Research activity per year

Personal profile


I was born and raised in Northern Ireland and left there at 18 to read Modern History at the University of St Andrews, Scotland, where I first discovered a love of Reformation History. Thanks to the expertise and encouragement of the early-modernists at St Andrews, in particular Andrew Pettegree and Bruce Gordon, I stayed to pursue postgraduate study at St Andrews and was funded by the award of two scholarships: a one-year studentship from the Humanities Research Board of the British Academy to support the M.Litt. degree, and a Caledonian Research Foundation Scholarship to fund the PhD. Between 1999 and 2003 I also taught on a broad range of Modern History courses at the Universities of St Andrews and Edinburgh. I was appointed to my current post at the University of Birmingham in 2003.

I am currently Director of Education for the College of Arts and Law.
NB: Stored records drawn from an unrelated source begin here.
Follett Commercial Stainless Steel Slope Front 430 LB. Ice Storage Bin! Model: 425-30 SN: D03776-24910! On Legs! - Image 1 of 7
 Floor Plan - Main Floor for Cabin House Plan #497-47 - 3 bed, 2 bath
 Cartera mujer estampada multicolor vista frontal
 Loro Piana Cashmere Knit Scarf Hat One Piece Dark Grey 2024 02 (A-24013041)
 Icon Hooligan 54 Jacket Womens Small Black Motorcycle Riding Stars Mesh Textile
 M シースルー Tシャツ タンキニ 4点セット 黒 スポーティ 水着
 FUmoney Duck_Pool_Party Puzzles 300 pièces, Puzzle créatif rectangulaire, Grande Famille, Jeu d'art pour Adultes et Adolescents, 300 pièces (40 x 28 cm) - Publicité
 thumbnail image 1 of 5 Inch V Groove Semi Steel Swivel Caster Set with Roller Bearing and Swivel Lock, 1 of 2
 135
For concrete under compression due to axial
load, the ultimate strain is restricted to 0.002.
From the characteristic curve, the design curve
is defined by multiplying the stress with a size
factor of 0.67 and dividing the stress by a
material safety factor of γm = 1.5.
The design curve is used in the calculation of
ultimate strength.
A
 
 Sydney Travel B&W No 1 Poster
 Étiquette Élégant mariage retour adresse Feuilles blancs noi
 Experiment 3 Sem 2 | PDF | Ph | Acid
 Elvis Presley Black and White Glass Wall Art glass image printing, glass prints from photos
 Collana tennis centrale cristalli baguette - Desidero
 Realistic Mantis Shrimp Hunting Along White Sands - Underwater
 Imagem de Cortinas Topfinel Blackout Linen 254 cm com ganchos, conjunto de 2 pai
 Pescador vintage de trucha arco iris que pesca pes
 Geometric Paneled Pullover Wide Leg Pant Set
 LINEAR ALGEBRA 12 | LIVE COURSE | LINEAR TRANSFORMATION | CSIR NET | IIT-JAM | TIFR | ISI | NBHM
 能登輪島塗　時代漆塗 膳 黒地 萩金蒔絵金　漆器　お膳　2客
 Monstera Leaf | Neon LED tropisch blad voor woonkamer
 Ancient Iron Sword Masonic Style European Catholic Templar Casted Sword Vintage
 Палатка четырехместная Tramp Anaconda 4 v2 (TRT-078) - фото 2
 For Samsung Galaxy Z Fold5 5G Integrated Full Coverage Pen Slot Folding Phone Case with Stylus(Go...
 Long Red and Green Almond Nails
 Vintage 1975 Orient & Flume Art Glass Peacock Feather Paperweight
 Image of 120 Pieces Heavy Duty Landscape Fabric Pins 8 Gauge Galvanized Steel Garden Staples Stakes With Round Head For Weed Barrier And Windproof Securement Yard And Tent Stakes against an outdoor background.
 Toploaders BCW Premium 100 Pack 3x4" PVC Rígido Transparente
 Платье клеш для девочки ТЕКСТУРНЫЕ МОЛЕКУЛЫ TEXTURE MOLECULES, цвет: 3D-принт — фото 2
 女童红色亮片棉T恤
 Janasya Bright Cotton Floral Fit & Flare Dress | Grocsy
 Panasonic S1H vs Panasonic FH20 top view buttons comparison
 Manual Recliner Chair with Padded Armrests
I was an elected member of University Senate 2012-16 and Head of History 2015-18. I became the College’s first teaching-focussed Professor in 2018.

Research interests

My first monograph, entitled Catholic Belief and Survival in Late-Sixteenth Century Vienna, was published by Ashgate in May 2007. Focused on the career of one of the most prominent Catholic figures of late sixteenth-century Vienna, Georg Eder (1523-1587), this work highlighted the role of the Catholic laity in instigating, enacting and supporting Catholic reform in the early-modern period.

I have also published work pertaining to Disaster History, East Central European History, and Reformation History more broadly (please see Publications section). I am currently planning an undergraduate-level textbook on the Habsburgs and sixteenth century Europe, as well as engaging in pieces of pedagogical research.